In one or more embodiments, any non-volatile storage (not shown) and/or memory (not shown) of a computing device or system of computing devices may be considered, in whole or in part, as non-transitory computer readable mediums storing software and/or firmware.
Such software and/or firmware may include instructions which, when executed by the one or more processors (not shown) or other hardware (e.g. circuitry) of a computing device and/or system of computing devices, cause the one or more processors and/or other hardware components to perform operations in accordance with one or more embodiments described herein.
The software instructions may be in the form of computer readable program code to perform methods of embodiments as described herein, and may, as an example, be stored, in whole or in part, temporarily or permanently, on a non-transitory computer readable medium such as a compact disc (CD), digital versatile disc (DVD), storage device, diskette, tape storage, flash storage, physical memory, or any other non-transitory computer readable medium.
In one or more embodiments, an edge node (102, 104) includes functionality to generate or otherwise obtain any amount or type of data (e.g., telemetry data, feature data, image data, etc.) that is related in any way to the operation of the edge device.
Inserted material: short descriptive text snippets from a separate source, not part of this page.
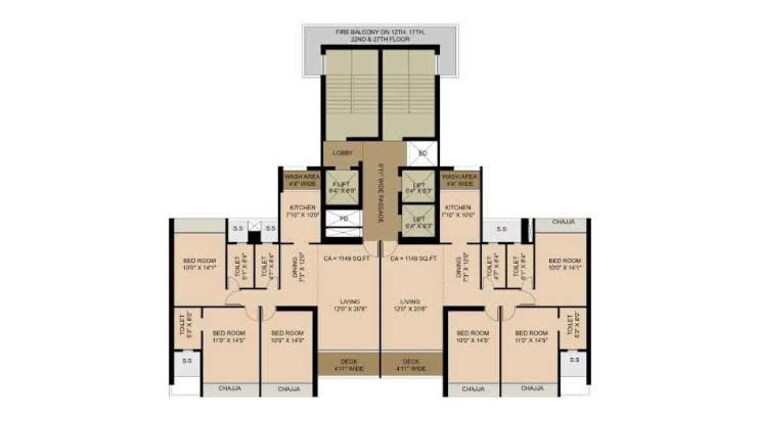 Floor Plan, delta-icon 3 Bedroom 2129 Sq.Ft. Apartment In Airoli Sector 7 Navi Mumbai 10205238
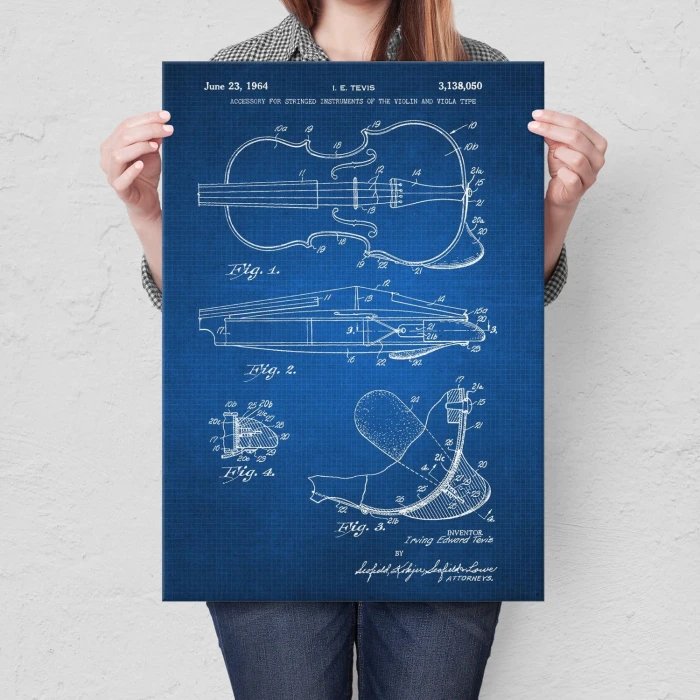 Plakat metalowy Violin instrument Tech Prezent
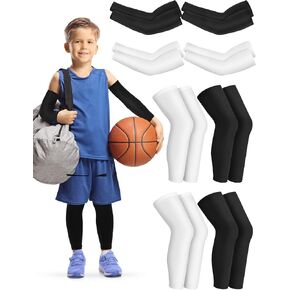 8 Pairs Kids Long Compression Leg Sleeves and Compression Arm Sleeves Compression Sleeve Non Slip Leg Wraps for Boys Girls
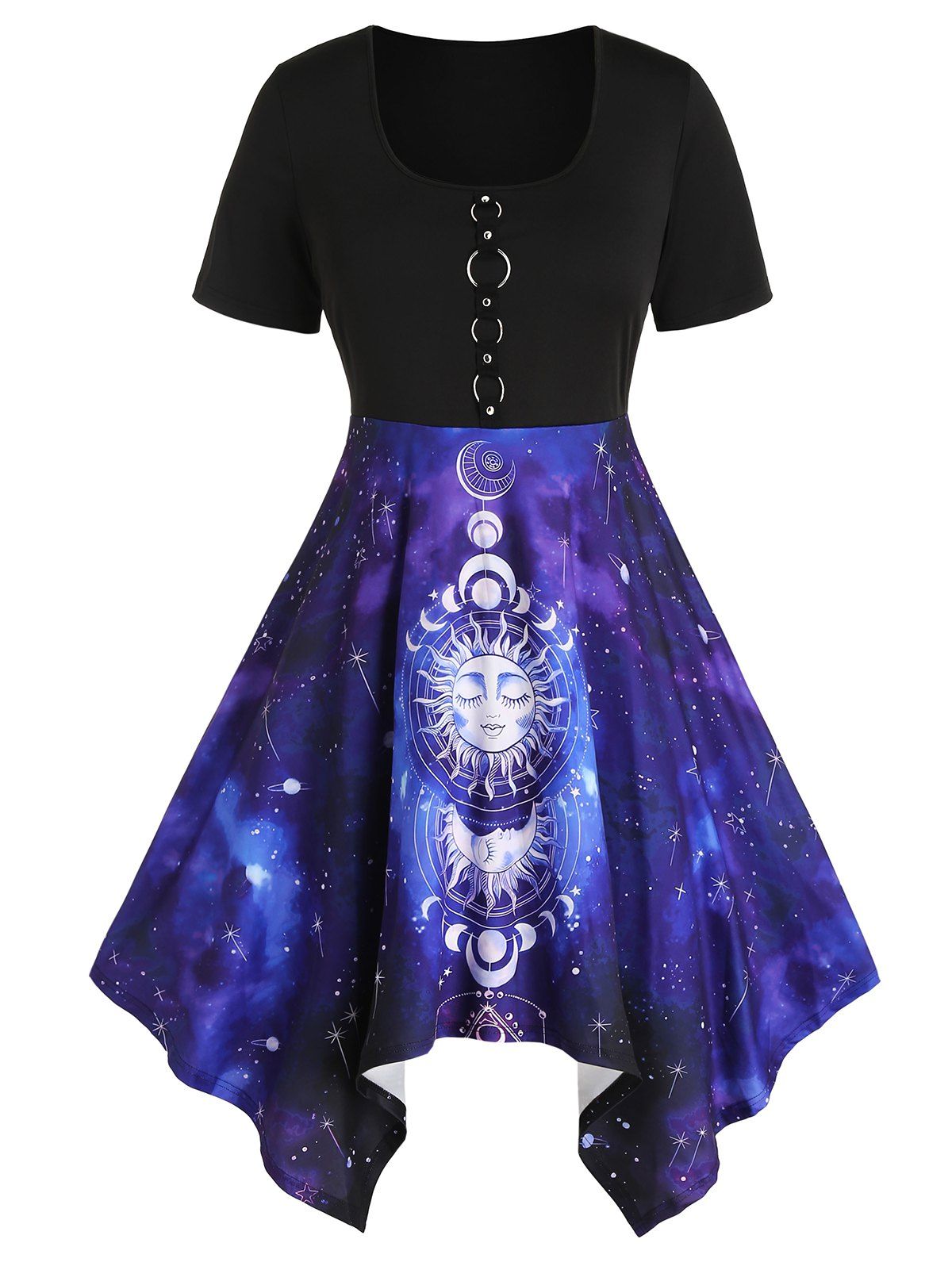 Plus Size & Curve Dress Celestial Sun And Moon Galaxy Print Dress O Ring Handkerchief Asymmetric Dress - BLACK L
As an example, a storage array edge device may include functionality to obtain feature data related to data storage, such as read response time, write response time, number and/or type of disks (e.g., solid state, spinning disks, etc.), model number(s), number of storage engines, cache read/writes and/or hits/misses, size of reads/writes in megabytes, etc.
In one or more embodiments, the system also includes a model coordinator (100). In one or more embodiments, the model coordinator (100) is operatively connected to the edge nodes (102, 104). A model coordinator (100) may be separate from and connected to any number of edge nodes (102, 104). In one or more embodiments, the model coordinator (100) is a computing device (described above). As an example, a model coordinator may be a central node executing in a cloud computing environment and training and distributing a ML model to any number of edge nodes (102, 104).
In one or more embodiments, the edge nodes (102, 104) and the model coordinator (100) are operatively connected via, at least in part, a network (not shown). A network may refer to an entire network or any portion thereof (e.g., a logical portion of the devices within a topology of devices). A network may include a datacenter network, a wide area network, a local area network, a wireless network, a cellular phone network, or any other suitable network that facilitates the exchange of information from one part of the network to another. A network may be located at a single physical location, or be distributed at any number of physical sites. In one or more embodiments, a network may be coupled with or overlap, at least in part, with the Internet.
In one or more embodiments, the edge nodes (102, 104) and the model coordinator (100) are also operatively connected, at least in part, via a shared communication layer (106). In one or more embodiments, a shared communication layer (106) is any computing device, set of computing devices, portion of a computing device, etc. that is accessible to the model coordinator (100) and the edge nodes (102, 104), and includes functionality to store data. In one or more embodiments, data stored by the shared communication layer may include, but is not limited to, trained ML models, indications indicating whether a given ML model is fresh, drifted, or outdated, and confidence thresholds associated with ML models. In one or more embodiments, such data is stored on the shared communication layer by a model coordinator (100), and the stored data is accessed and/or obtained by any number of edge nodes (102, 104). The shared communication layer (106) may be separate from the model coordinator (100) and the edge nodes (102, 104), may be implemented as a portion of the model coordinator, may be a shared storage construct distributed among the edge nodes and/or the model coordinator, any combination thereof, or any other data storage solution accessible to the edge nodes and the model coordinator.
While FIG. 1 shows a configuration of components, other configurations may be used without departing from the scope of embodiments described herein. Accordingly, embodiments disclosed herein should not be limited to the configuration of components shown in FIG. 1 .
FIG. 2A shows a flowchart describing a method for ML model management by a model coordinator using edge node drift detection in accordance with one or more embodiments disclosed herein.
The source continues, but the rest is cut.